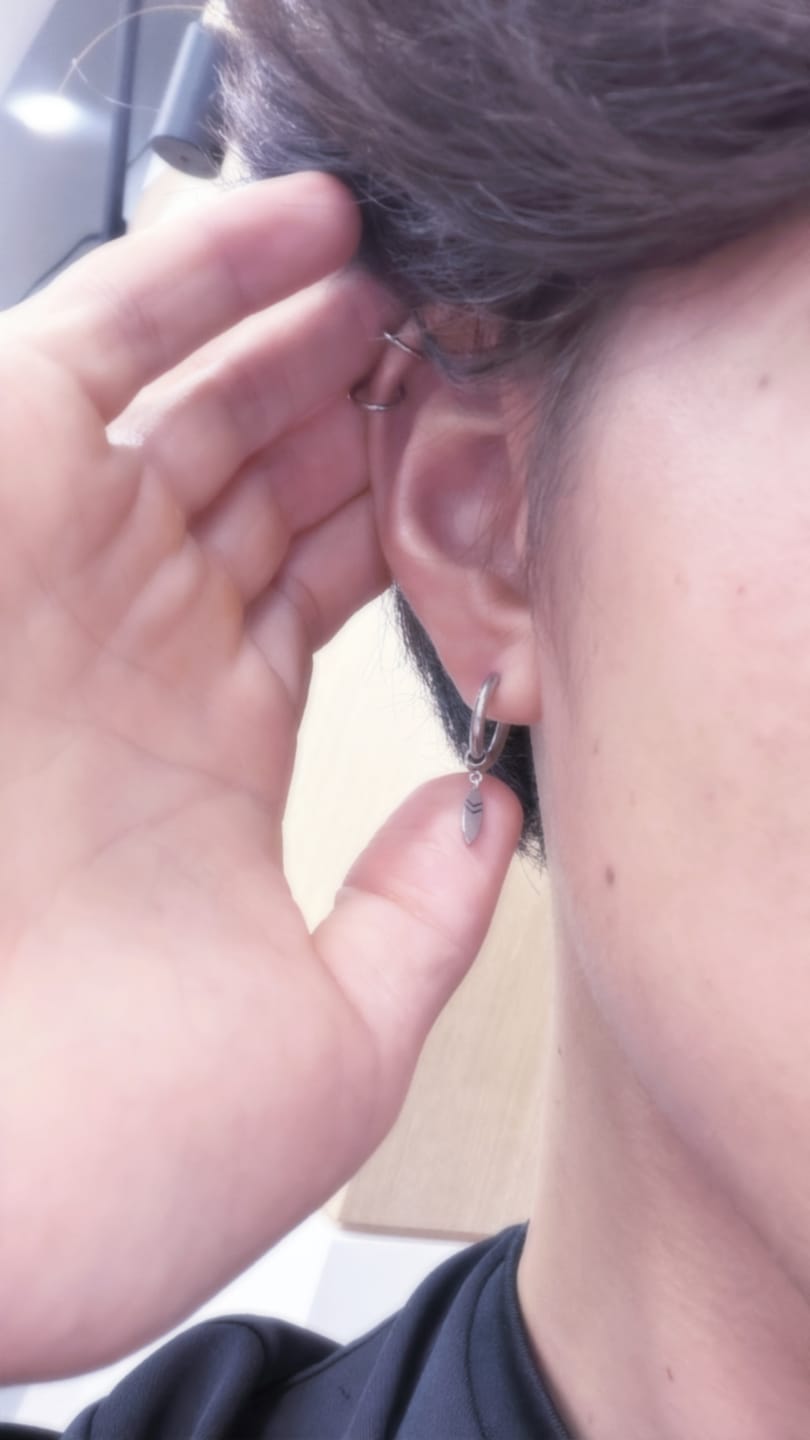 Customer photo review of Zuma Surf Hoop Earrings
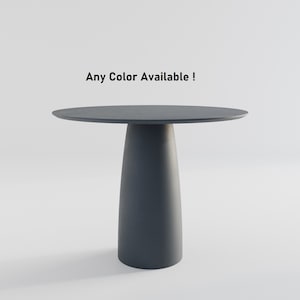 May include: A dark gray round table with a single, wide, cylindrical leg. The table is on a white background. Any Color Available!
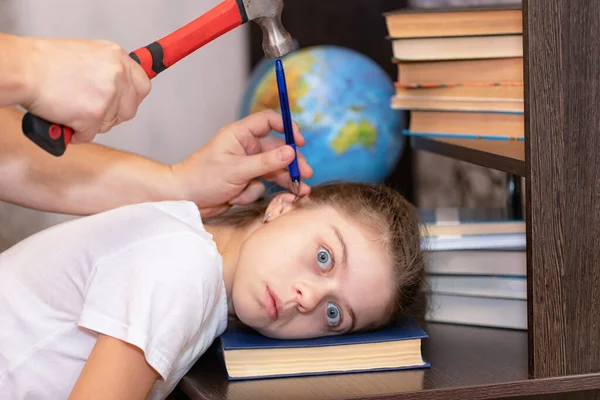 Middle school student is hammered knowledge from books with a hammer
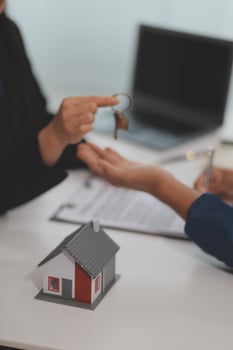 Estate agent giving house keys to client after signing agreement contract real estate with approved mortgage application form, concerning mortgage loan offer for and house insurance. photo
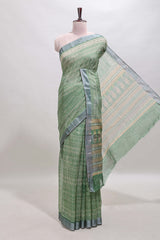 Green geometric design semi tussar saree with contrast border and matching blouse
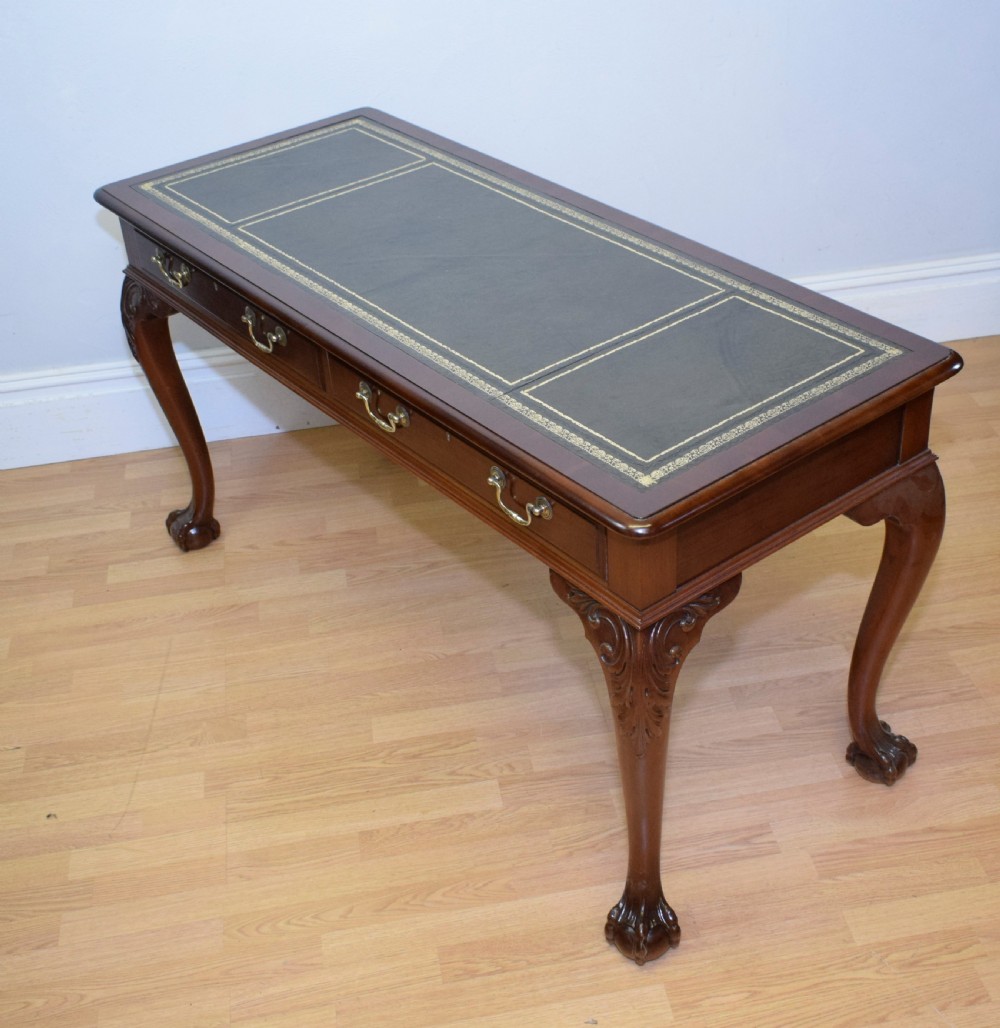 A mahogany library writing table featuring a green leather inset top, brass drop handles, and carved cabriole legs terminating in claw and ball feet. View IX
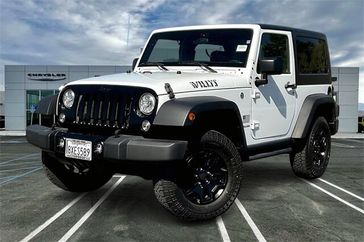 2017 Jeep Wrangler JK Willys Wheeler in a Bright White Clear Coat exterior color and Blackinterior. Crystal Chrysler Jeep Dodge Ram (760) 507-2975 pixelmotiondemo.com 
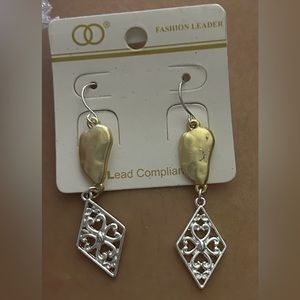 Earrings with some pears on it .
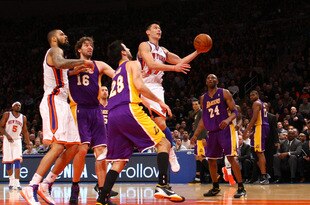 NEW YORK, NY - FEBRUARY 10:  Jeremy Lin #17 of the New York Knicks drives for a shot attempt in the fourth quarter against Jason Kapono #28 and Kobe Bryant #24 of the Los Angeles Lakers at Madison Square Garden on February 10, 2012 in New York City.  NOTE TO USER: User expressly acknowledges and agrees that, by downloading and or using this photograph, User is consenting to the terms and conditions of the Getty Images License Agreement.  (Photo by Chris Chambers/Getty Images)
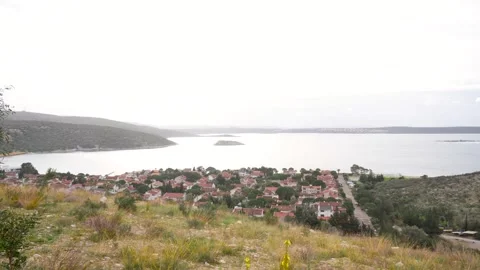 Panoramic View of Karaburun Coastline and Seaside Village with Aegean Sea Pan Stock Footage 328246740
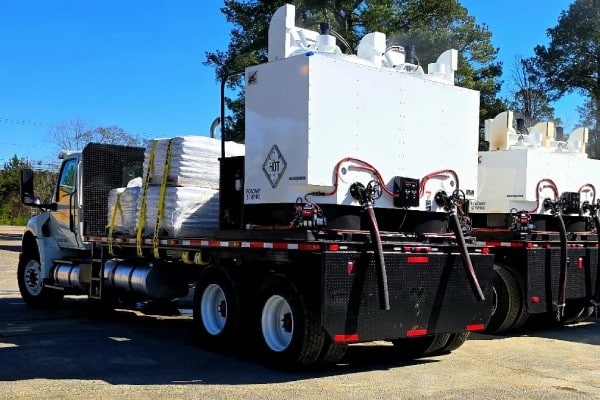 Ozark Striping supply truck loaded with thermoplastic materials and striping equipment ready for pavement marking deployment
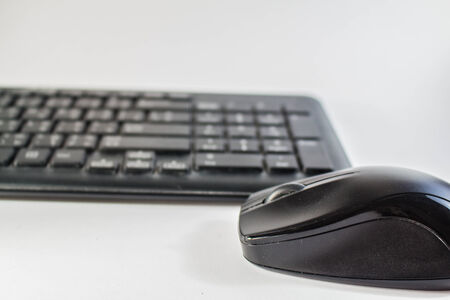 The wireless mouse is placed above the keyboard.の写真素材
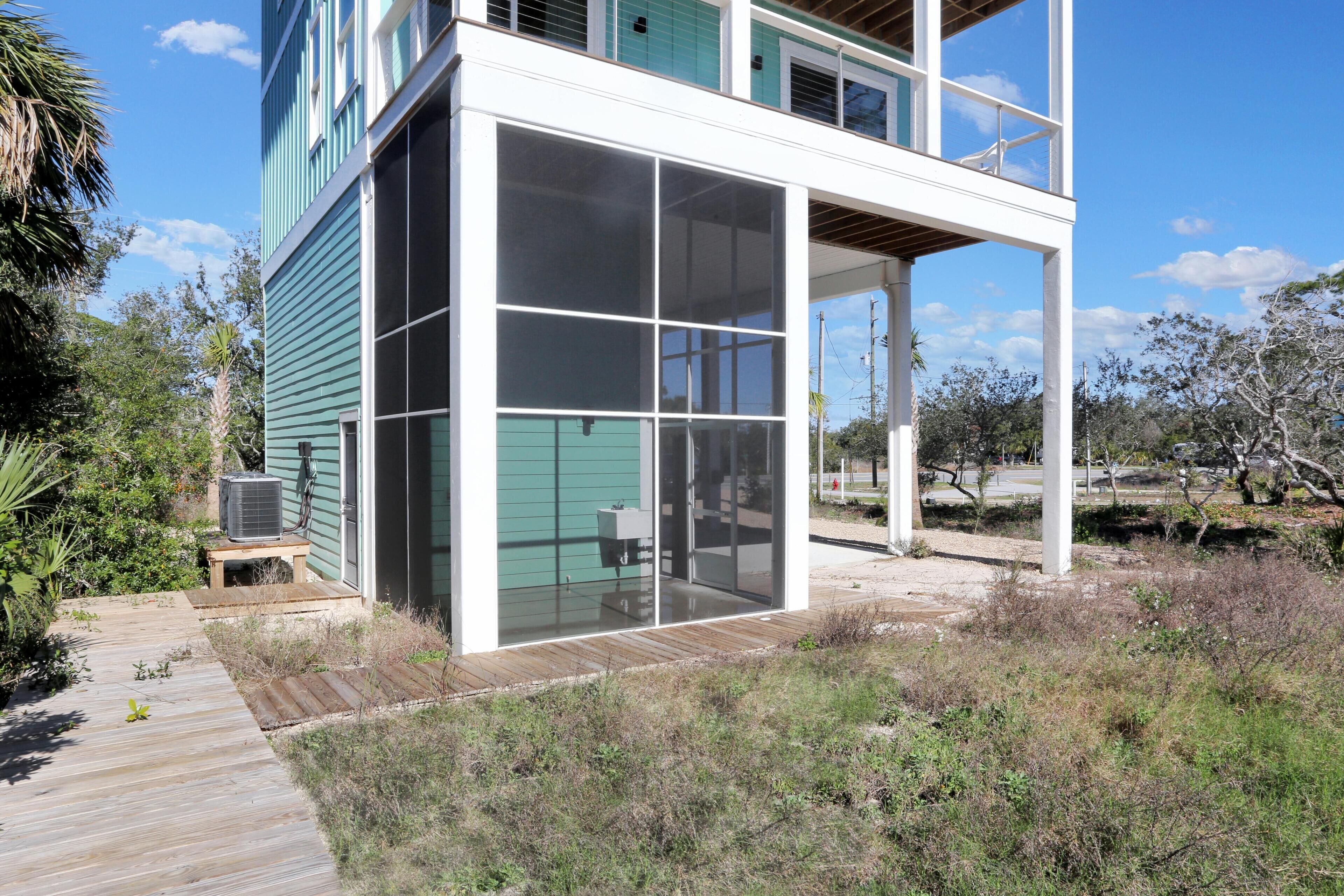 Une maison moderne dotée d’une grande porte vitrée et d’une terrasse en bois.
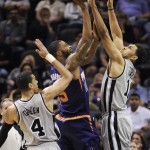 Phoenix Suns forward Marcus Morris, center, shoots against San Antonio Spurs' Jeff Ayres, right, and Danny Green, during the first half of an NBA basketball game on Friday, April 11, 2014, in San Antonio. (AP Photo/Darren Abate)
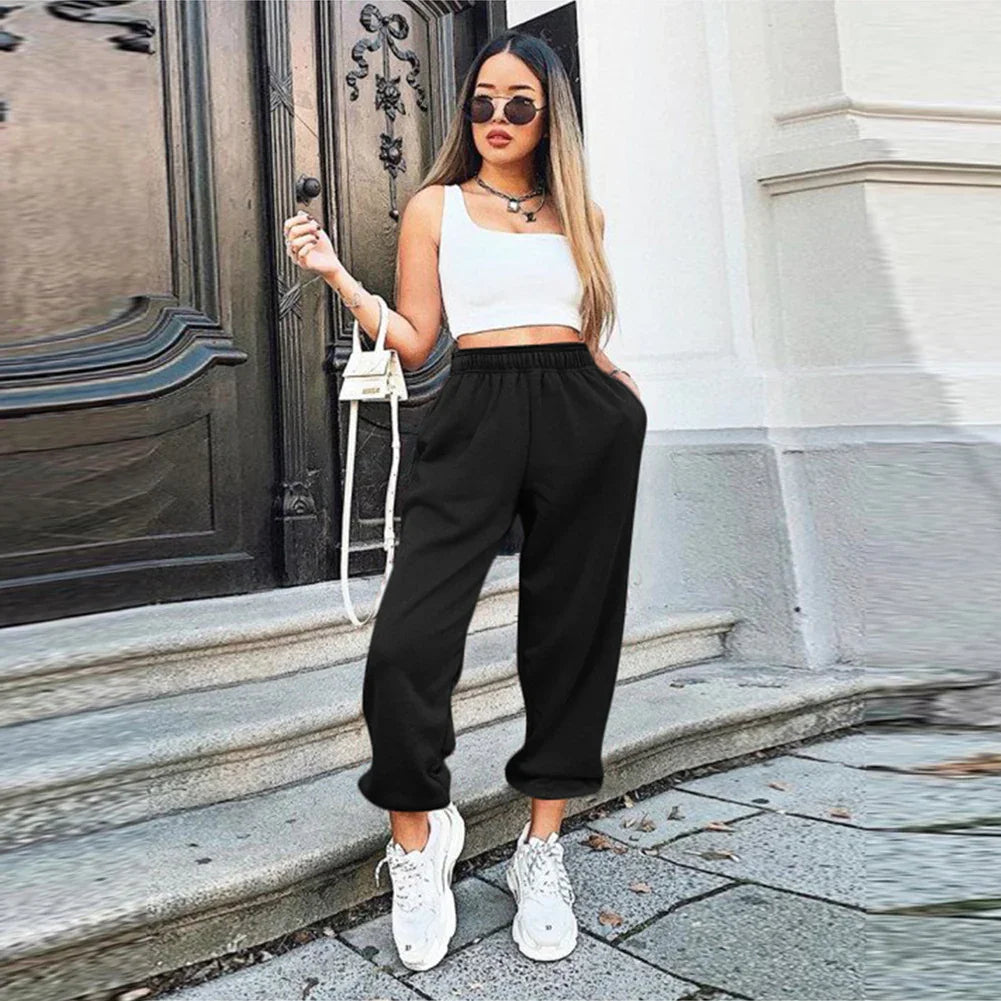 Woman wearing black jogger pants, white crop top, white sneakers, and sunglasses standing on outdoor steps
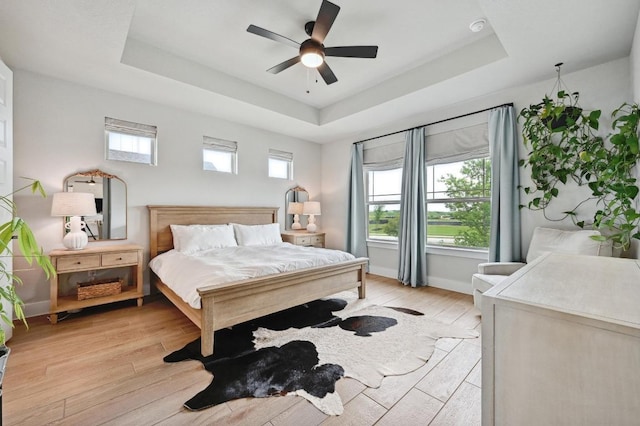 bedroom with multiple windows, baseboards, light wood-style floors, and a tray ceiling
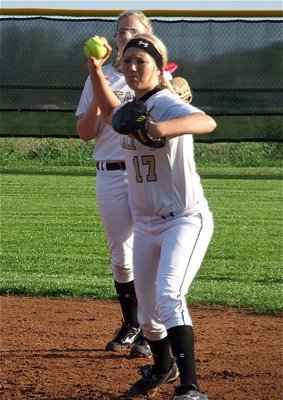 Image: Senior pitcher Megan Richards is poised for a run for the title as she gets warmed up before the Axtell game.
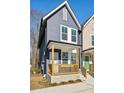 Stylish home with a covered porch, gray siding, and crisp, white window trim at 1095 Tucker Ave # 401, Atlanta, GA 30310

=== WHAT YOU ARE ASKED TO DO ===
Every line above should be transcribed exactly, though no image should be carried over.

=== SOLUTION BELOW ===
 Customer photo review of Zuma Surf Hoop Earrings
 May include: A dark gray round table with a single, wide, cylindrical leg. The table is on a white background. Any Color Available!
 Middle school student is hammered knowledge from books with a hammer
 Estate agent giving house keys to client after signing agreement contract real estate with approved mortgage application form, concerning mortgage loan offer for and house insurance. photo
 Green geometric design semi tussar saree with contrast border and matching blouse
 A mahogany library writing table featuring a green leather inset top, brass drop handles, and carved cabriole legs terminating in claw and ball feet. View IX
 2017 Jeep Wrangler JK Willys Wheeler in a Bright White Clear Coat exterior color and Blackinterior. Crystal Chrysler Jeep Dodge Ram (760) 507-2975 pixelmotiondemo.com 
 Earrings with some pears on it .
 NEW YORK, NY - FEBRUARY 10:  Jeremy Lin #17 of the New York Knicks drives for a shot attempt in the fourth quarter against Jason Kapono #28 and Kobe Bryant #24 of the Los Angeles Lakers at Madison Square Garden on February 10, 2012 in New York City.  NOTE TO USER: User expressly acknowledges and agrees that, by downloading and or using this photograph, User is consenting to the terms and conditions of the Getty Images License Agreement.  (Photo by Chris Chambers/Getty Images)
 Panoramic View of Karaburun Coastline and Seaside Village with Aegean Sea Pan Stock Footage 328246740
 Ozark Striping supply truck loaded with thermoplastic materials and striping equipment ready for pavement marking deployment
 The wireless mouse is placed above the keyboard.の写真素材
 Une maison moderne dotée d’une grande porte vitrée et d’une terrasse en bois.
 Phoenix Suns forward Marcus Morris, center, shoots against San Antonio Spurs' Jeff Ayres, right, and Danny Green, during the first half of an NBA basketball game on Friday, April 11, 2014, in San Antonio. (AP Photo/Darren Abate)
 Woman wearing black jogger pants, white crop top, white sneakers, and sunglasses standing on outdoor steps
 bedroom with multiple windows, baseboards, light wood-style floors, and a tray ceiling
 Image: Senior pitcher Megan Richards is poised for a run for the title as she gets warmed up before the Axtell game.
 Stylish home with a covered porch, gray siding, and crisp, white window trim at 1095 Tucker Ave # 401, Atlanta, GA 30310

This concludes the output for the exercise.